Work instructions:
Retype only the lines below from the one with "Curbside K-9 Stop" to the one with "2 sets sprout", inclusive, skipping every image.

Data:
——
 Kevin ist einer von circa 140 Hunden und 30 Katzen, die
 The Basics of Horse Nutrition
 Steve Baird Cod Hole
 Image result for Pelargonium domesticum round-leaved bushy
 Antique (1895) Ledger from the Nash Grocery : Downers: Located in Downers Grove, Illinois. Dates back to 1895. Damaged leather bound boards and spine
——
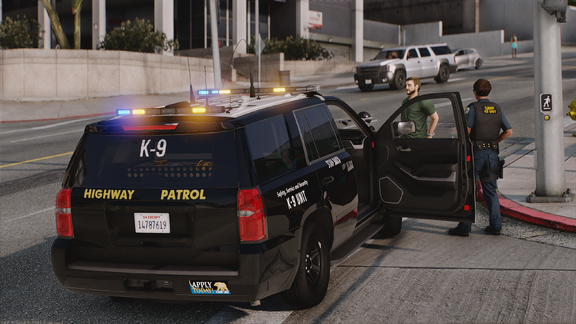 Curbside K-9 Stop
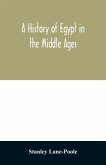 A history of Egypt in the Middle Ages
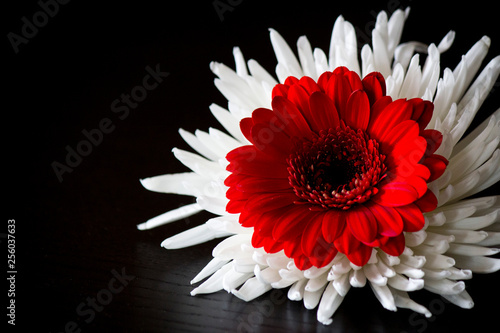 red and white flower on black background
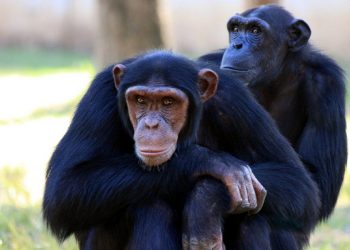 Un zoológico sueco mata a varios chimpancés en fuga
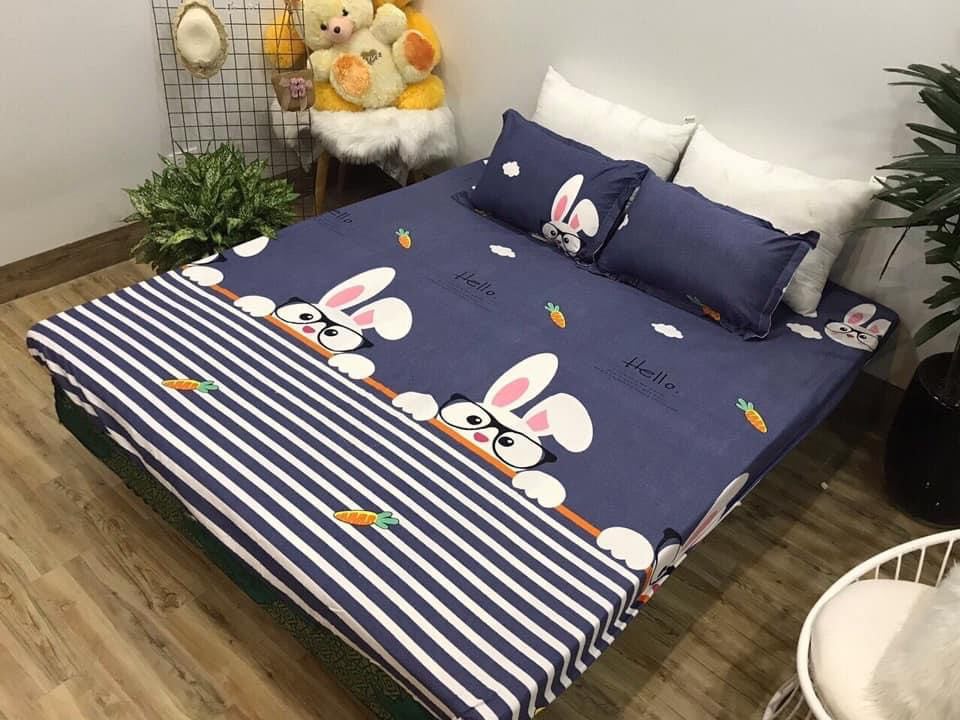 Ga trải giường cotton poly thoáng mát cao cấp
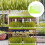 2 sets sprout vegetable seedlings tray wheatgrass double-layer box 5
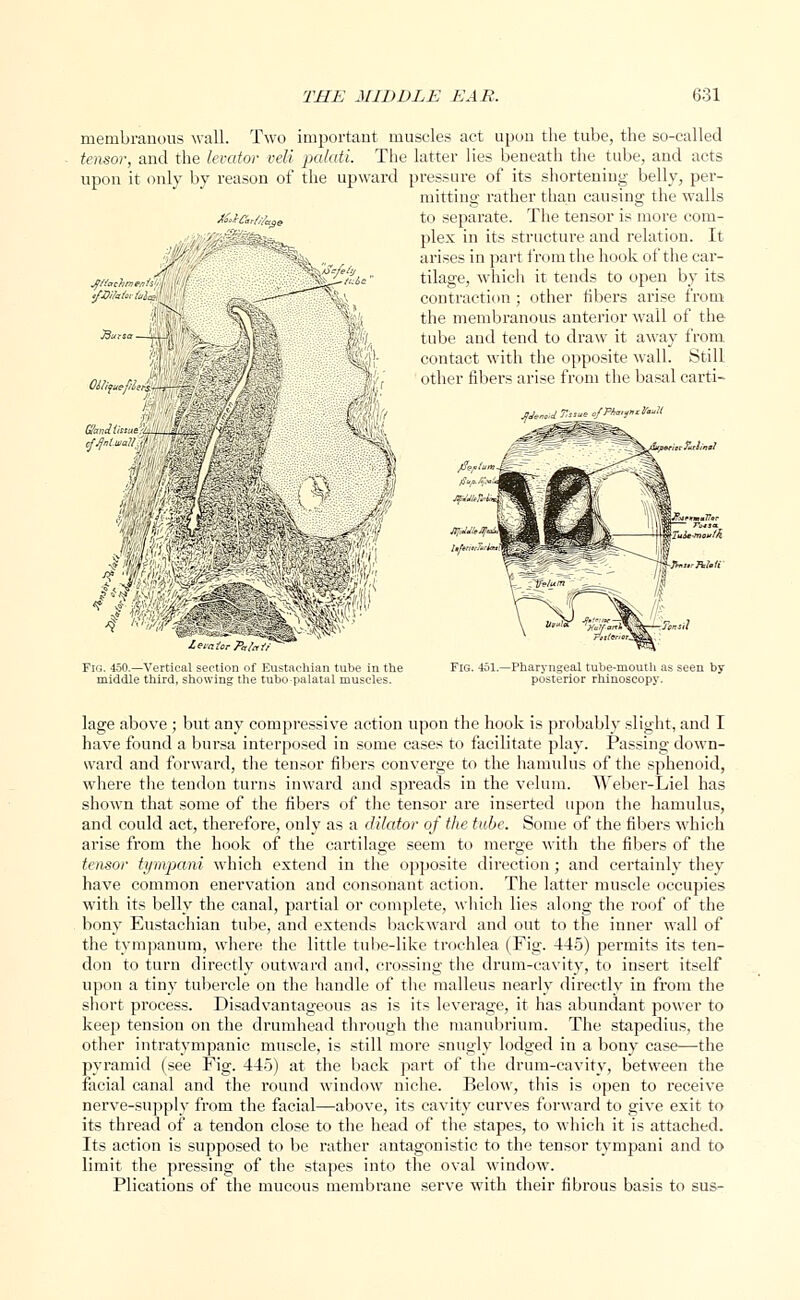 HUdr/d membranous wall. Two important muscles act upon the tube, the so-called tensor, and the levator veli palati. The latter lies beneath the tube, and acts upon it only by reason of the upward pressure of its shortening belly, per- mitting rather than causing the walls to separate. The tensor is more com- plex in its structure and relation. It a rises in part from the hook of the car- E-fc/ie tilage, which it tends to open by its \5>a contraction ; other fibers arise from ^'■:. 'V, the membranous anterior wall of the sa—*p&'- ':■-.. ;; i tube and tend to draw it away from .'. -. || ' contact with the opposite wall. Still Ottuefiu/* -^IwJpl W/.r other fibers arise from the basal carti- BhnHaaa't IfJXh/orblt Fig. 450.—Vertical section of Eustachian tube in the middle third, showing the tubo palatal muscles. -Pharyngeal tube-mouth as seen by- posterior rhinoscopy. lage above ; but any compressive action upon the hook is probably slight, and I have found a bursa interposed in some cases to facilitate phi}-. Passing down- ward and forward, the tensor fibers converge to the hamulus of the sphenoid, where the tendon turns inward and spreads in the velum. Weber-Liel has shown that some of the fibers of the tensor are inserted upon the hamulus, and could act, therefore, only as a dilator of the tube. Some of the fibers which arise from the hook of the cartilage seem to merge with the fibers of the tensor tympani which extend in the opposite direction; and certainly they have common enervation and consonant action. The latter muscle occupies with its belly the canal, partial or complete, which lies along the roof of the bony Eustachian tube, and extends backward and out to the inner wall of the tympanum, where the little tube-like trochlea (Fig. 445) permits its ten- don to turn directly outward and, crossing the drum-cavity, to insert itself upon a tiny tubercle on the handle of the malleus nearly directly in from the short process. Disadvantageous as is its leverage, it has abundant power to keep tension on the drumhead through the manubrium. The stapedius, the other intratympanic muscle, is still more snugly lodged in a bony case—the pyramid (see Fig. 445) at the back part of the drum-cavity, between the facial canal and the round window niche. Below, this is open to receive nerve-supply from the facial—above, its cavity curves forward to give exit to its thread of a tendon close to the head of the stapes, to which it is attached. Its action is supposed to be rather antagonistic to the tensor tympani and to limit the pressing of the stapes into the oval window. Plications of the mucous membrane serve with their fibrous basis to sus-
——
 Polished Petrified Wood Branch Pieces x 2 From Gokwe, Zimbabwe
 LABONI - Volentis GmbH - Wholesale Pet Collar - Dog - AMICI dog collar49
——
Task output:
 Curbside K-9 Stop
 A history of Egypt in the Middle Ages
 red and white flower on black background
 Un zoológico sueco mata a varios chimpancés en fuga
 Ga trải giường cotton poly thoáng mát cao cấp
 2 sets sprout vegetable seedlings tray wheatgrass double-layer box 5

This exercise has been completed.